We have all been strangers. While we enjoy the privilege of attending a bright, shiny nursery school and feeling that we very much “belong” in the community we create here, we know that our history has not always been so settled. We know also that this history informs us to reach out with open arms to the strangers around us, in the never-ending work of tikkun olam, of repairing the world. Our history as immigrants informs both who we are and how we interact with the world around us.
As a school community, we are proud to share that we are starting a new initiative this year to embrace the two-fold influence of Our Immigrant Stories – how they have shaped who we are, and how they shape our responsibility to other immigrants.
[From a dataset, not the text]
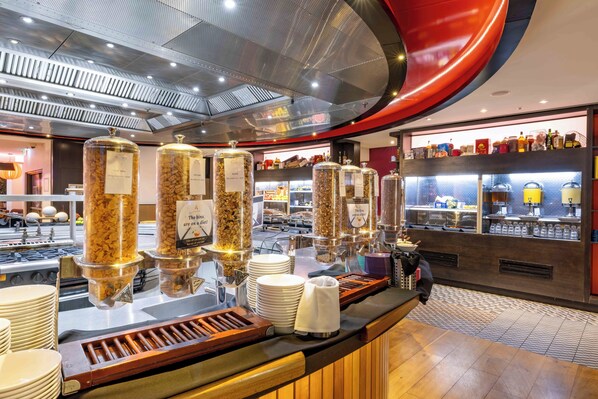 Daily full breakfast (AUD 39 per person)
In partnership with our Parents Association, we will be working in the coming months to make Our Immigrant Stories visible, tangible, and relevant to our community.
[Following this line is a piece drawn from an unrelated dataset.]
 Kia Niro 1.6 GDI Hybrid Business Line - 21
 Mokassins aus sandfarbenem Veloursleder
Beginning with our preK families, we will be inviting our parents to sit down for a (non-mandatory) short “interview” about your family’s background. Where is your family from? How are different parts of the world present in your family’s life? What is your Immigrant Story? We will be compiling a recording of Our Immigrant Stories to share with our school community in a “Listening party” later in the year, and will be complementing this with a visual display in our Common Space. Heading up this part of the initiative will be our atelierista Sari Lipschitz and Eric Winick, Chief Marketing Officer at JCC Manhattan. Our hope is that in the months and years to come, our school children become intimately familiar with their family’s history and the locations in the world that have influenced who they are.
Our Parents Association will be establishing meaningful ways to use Our Immigrant Stories as a catalyst for action. Throughout our city and our country, immigrants and strangers are in need of help and support. We have been those immigrants, and we have known that persecution. We heed the Biblical mandate to open our arms and see ourselves in the stranger. The second half of this initiative is that we will be looking to contribute goods and services to communities of more recently-arrived immigrants, and to build relationships with nursery schools who serve those immigrants. Heading up this part of the initiative will be our Associate Director Shari Taishoff and our PA leadership.
I invite you and your children to partner with me and our school team in this project. In a nation that finds itself polarized and tense, it is my hope that through this project we can find ourselves using Jewish values to build and broaden an inclusive community that embraces immigrants and strangers.
If you are struck with an idea, a story, or a question, please reach out and share. I look forward to learning more about the many stories that our families have in the months and years to come.